[PATCH v3] nvme: reject keep-alive passthrough on non-fabrics

Chao Shi posted 1 patch 2 days, 4 hours ago
There is a newer version of this series
drivers/nvme/host/ioctl.c | 36 ++++++++++++++++++++++++++++++++++++
1 file changed, 36 insertions(+)
[PATCH v3] nvme: reject keep-alive passthrough on non-fabrics
Posted by Chao Shi 2 days, 4 hours ago
Since commit b58da2d270db ("nvme: update keep alive interval when kato
is modified"), userspace can start keep-alive on any transport via a
Set Features (KATO) passthrough command. nvme_keep_alive_work() then
allocates with BLK_MQ_REQ_RESERVED, but nvme_alloc_admin_tag_set()
only reserves admin tags for fabrics, so the allocation trips
WARN_ON_ONCE() in blk_mq_get_tag() and fails:

  nvme nvme0: keep-alive failed: -11

Keep Alive is optional on PCIe (NVMe 2.0a section 5.27.1.12) and the
driver only arms keep-alive for fabrics; enabling it elsewhere has no
reserved tag and an active keep-alive command only harms idle power
states.

Reject Set Features commands the driver is not prepared to handle from
userspace passthrough, starting with KATO on non-fabrics. The check
can be extended to other problematic features as they are identified.
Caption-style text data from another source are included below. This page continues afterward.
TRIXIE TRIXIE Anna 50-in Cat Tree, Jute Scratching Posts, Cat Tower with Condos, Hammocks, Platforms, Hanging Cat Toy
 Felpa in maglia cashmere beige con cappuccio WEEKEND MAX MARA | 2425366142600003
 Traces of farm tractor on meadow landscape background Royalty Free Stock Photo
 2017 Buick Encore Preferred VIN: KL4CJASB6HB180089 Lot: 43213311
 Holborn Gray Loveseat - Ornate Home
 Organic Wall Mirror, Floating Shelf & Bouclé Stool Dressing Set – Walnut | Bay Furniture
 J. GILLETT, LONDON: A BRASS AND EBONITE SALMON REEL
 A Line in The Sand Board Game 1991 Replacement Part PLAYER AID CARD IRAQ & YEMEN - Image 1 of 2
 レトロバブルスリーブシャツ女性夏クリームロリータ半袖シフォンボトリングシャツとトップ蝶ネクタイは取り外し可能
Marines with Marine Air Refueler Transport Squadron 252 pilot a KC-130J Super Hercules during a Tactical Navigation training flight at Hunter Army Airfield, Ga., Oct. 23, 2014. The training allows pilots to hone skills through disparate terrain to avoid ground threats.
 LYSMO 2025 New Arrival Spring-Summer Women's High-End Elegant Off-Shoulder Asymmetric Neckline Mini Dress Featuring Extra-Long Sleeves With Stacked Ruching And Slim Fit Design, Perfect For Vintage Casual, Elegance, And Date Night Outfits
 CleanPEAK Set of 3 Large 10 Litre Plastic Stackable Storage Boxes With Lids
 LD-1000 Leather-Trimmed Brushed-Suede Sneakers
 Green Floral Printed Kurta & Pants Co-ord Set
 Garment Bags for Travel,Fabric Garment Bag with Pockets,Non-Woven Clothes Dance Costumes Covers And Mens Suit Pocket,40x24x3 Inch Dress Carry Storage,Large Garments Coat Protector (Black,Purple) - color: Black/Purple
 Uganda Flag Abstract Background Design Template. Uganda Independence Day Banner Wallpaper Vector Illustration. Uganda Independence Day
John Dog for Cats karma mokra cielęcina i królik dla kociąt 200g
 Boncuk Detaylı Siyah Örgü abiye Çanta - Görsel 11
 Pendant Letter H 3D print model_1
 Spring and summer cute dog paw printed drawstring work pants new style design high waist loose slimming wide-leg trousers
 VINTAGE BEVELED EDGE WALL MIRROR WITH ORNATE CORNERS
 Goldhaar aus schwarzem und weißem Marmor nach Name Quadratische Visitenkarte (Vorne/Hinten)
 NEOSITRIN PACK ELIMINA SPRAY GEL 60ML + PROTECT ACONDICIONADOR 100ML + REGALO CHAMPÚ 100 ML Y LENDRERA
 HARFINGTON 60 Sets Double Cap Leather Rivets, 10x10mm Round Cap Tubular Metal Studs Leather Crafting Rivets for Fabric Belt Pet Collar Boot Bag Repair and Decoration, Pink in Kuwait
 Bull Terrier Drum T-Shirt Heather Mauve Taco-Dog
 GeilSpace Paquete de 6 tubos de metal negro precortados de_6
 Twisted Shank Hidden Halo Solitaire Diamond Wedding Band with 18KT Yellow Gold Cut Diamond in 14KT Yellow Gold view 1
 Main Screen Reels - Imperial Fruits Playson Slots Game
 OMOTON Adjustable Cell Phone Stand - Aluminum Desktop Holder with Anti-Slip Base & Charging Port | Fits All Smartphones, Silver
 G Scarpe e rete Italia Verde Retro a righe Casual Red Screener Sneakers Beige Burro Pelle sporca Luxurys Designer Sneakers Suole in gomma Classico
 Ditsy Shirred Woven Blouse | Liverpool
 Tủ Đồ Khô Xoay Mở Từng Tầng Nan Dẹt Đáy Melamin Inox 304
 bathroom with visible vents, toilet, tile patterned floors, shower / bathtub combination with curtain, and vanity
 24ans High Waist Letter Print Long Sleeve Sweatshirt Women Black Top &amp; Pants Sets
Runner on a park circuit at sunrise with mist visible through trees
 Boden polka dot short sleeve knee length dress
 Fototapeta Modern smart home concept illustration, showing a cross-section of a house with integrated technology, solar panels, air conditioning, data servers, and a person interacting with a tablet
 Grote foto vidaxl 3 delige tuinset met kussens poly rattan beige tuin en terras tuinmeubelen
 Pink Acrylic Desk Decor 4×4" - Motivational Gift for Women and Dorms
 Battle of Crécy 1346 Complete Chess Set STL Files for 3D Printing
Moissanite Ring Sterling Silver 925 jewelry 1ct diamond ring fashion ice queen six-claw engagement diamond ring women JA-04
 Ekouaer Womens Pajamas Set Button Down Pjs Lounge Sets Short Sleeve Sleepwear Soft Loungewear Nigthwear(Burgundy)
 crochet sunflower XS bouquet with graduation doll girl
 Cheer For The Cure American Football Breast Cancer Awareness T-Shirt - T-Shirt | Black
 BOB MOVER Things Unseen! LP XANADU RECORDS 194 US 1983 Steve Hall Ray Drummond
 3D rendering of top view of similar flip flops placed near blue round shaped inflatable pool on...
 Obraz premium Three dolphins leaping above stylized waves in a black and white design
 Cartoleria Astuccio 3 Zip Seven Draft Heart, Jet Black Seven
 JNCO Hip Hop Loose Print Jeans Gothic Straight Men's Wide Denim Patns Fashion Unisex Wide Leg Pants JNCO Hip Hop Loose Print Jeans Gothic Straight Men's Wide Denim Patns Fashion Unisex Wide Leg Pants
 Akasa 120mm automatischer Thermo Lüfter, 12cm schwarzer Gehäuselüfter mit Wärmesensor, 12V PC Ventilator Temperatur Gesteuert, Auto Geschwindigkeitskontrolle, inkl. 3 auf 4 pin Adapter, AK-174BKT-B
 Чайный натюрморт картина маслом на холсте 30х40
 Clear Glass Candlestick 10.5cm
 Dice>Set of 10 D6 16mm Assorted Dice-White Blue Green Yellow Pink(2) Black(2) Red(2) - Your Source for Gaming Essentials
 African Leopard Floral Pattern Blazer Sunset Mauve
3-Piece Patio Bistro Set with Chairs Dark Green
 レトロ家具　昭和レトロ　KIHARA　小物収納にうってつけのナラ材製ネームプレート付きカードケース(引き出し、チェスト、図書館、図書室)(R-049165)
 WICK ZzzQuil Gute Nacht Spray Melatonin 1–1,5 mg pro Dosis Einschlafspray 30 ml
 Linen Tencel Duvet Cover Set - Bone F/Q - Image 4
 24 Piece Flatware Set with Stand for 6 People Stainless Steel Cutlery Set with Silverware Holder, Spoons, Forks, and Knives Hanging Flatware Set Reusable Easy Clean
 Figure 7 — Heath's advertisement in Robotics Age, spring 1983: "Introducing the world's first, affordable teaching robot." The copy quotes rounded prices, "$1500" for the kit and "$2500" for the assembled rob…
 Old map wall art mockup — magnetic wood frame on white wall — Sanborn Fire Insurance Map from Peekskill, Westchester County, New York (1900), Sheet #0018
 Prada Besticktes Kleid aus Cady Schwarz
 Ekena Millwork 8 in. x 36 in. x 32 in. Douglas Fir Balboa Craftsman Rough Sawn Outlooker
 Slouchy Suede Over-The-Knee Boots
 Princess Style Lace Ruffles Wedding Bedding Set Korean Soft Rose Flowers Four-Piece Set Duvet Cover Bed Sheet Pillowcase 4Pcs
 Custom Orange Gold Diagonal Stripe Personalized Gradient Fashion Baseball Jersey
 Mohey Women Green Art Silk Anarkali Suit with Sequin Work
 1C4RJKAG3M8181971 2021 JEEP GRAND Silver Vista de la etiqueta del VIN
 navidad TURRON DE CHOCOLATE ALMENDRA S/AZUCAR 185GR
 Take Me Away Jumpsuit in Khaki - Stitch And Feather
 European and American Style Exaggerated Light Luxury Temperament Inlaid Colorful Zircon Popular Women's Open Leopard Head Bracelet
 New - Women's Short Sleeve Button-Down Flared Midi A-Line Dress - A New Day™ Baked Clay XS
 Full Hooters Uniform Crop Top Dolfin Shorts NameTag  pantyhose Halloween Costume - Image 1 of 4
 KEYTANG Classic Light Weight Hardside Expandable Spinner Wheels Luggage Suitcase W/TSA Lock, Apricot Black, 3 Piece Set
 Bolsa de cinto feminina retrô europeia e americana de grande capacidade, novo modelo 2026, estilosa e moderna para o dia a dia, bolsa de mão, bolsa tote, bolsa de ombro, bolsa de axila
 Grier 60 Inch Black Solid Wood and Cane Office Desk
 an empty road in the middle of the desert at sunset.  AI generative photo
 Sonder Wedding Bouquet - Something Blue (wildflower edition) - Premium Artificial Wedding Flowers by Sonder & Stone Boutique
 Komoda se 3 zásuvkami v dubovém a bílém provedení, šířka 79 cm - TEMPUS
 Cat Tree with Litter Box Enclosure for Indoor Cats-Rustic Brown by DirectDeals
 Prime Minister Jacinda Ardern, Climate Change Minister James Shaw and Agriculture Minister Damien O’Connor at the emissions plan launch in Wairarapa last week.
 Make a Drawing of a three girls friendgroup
This guards the userspace passthrough paths (ioctl and io_uring); the
nvmet target passthru path is out of scope and is not changed here.

Link: https://lore.kernel.org/linux-nvme/20260515071248.2689513-1-coshi036@gmail.com/

Fixes: b58da2d270db ("nvme: update keep alive interval when kato is modified")

Found by FuzzNvme(Syzkaller with FEMU fuzzing framework).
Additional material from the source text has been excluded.